Tidak ada sesi zoom atau online meet kala itu. Dosen memberikan tugas untuk membaca sebuah artikel. Artikel tersebut adalah tulisan dari seorang dokter asal Indonesia yang sedang tinggal di China. Artikel tersebut berisi opini atau pendapat dokter tersebut mengenai perbedaan yang tampak antara China dan Indonesia.

Tugasnya adalah kami diminta oleh bu dosen untuk membaca artikel tersebut, lalu buat ulasan dan juga opini terkait artikel tersebut. Dan juga diminta untuk memberikan contoh kasus yang terjadi di Indonesia.
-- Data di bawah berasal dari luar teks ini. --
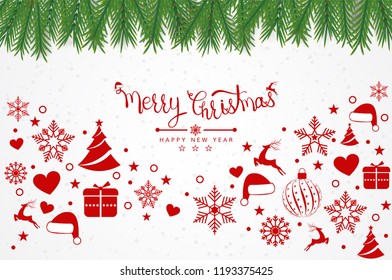 Christmas background with element icons banner, snowflakes. Vector illustration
Untuk tugas tersebut diminta minimal sebanyak dua halaman (diketik). Pada awalnya saya sempat berpikir “wah, banyak juga”. Tapi akhirnya saya coba kerjain dulu.

Pertama, saya coba berikan ulasan atau rangkuman tiap topik yang dibahas pada artikel sumber. Setelah bagian tersebut selesai, selanjutnya saya kemukakan opini atau pendapat saya mengenai isu yang dibahas. Juga disertai dengan beberapa topik/kejadian yang terjadi di Indonesia.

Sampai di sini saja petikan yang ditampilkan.